*Required action:*
Skipping each picture, output the entries exactly as they stand below.

Segment Start: Input records

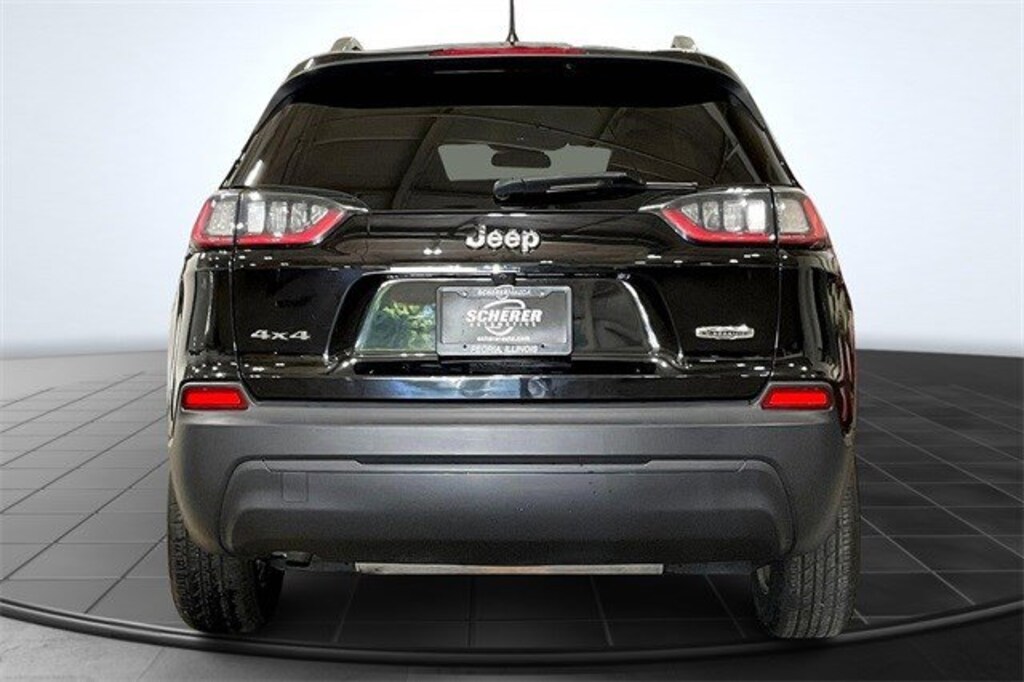 Used 2020 Jeep Cherokee Latitude SUV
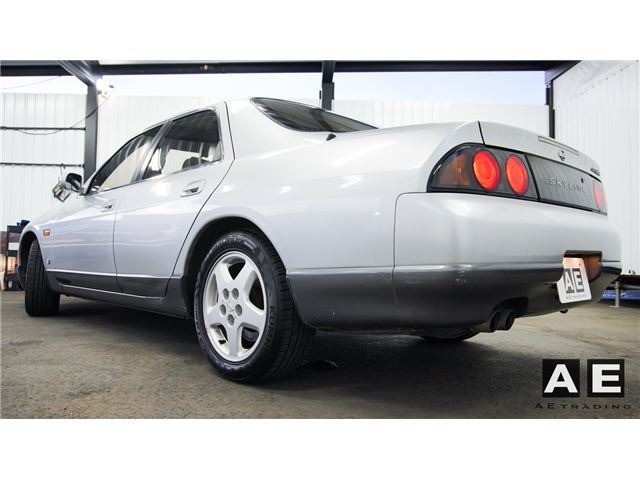 nissan  Skyline  September 1994 - Thumbnail 3
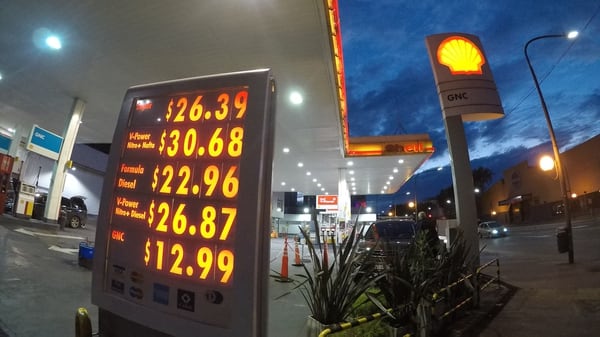 Estos son los precios de Shell que regían este viernes a la mañana (Foto: Joaquín Pedroso)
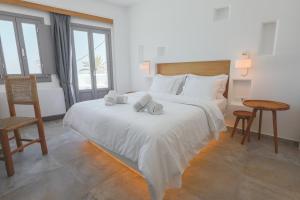 Letto o letti in una camera di Eternity Suites Santorini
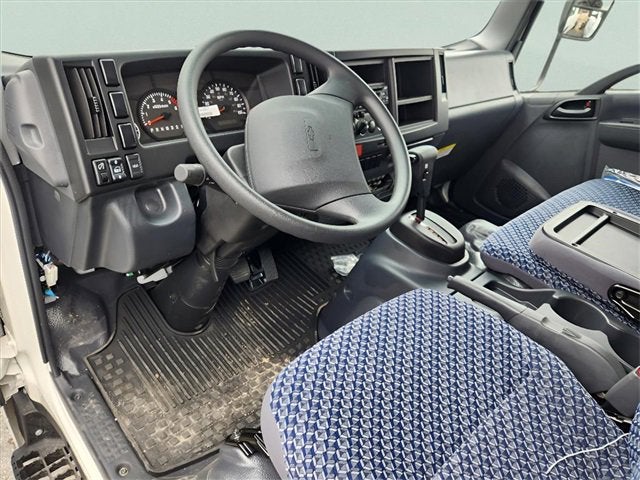 2025 Chevrolet Low Cab Forward 5500 XG Base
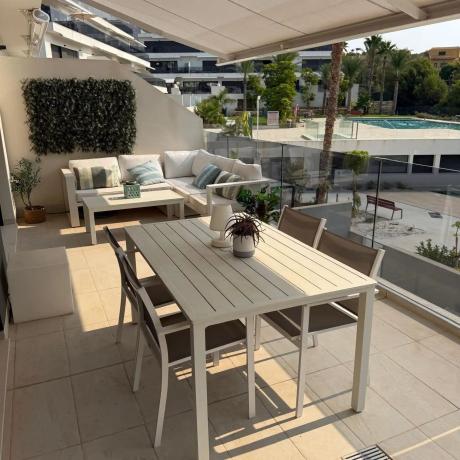 Продажа квартиры на Piso en Calle Berlin, Golf Bahía, Finestrat, Финестрат
thumbnail 1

Segment End: Input records

*Answer to this task:*
 Used 2020 Jeep Cherokee Latitude SUV
 nissan  Skyline  September 1994 - Thumbnail 3
 Estos son los precios de Shell que regían este viernes a la mañana (Foto: Joaquín Pedroso)
 Letto o letti in una camera di Eternity Suites Santorini
 2025 Chevrolet Low Cab Forward 5500 XG Base
 Продажа квартиры на Piso en Calle Berlin, Golf Bahía, Finestrat, Финестрат
thumbnail 1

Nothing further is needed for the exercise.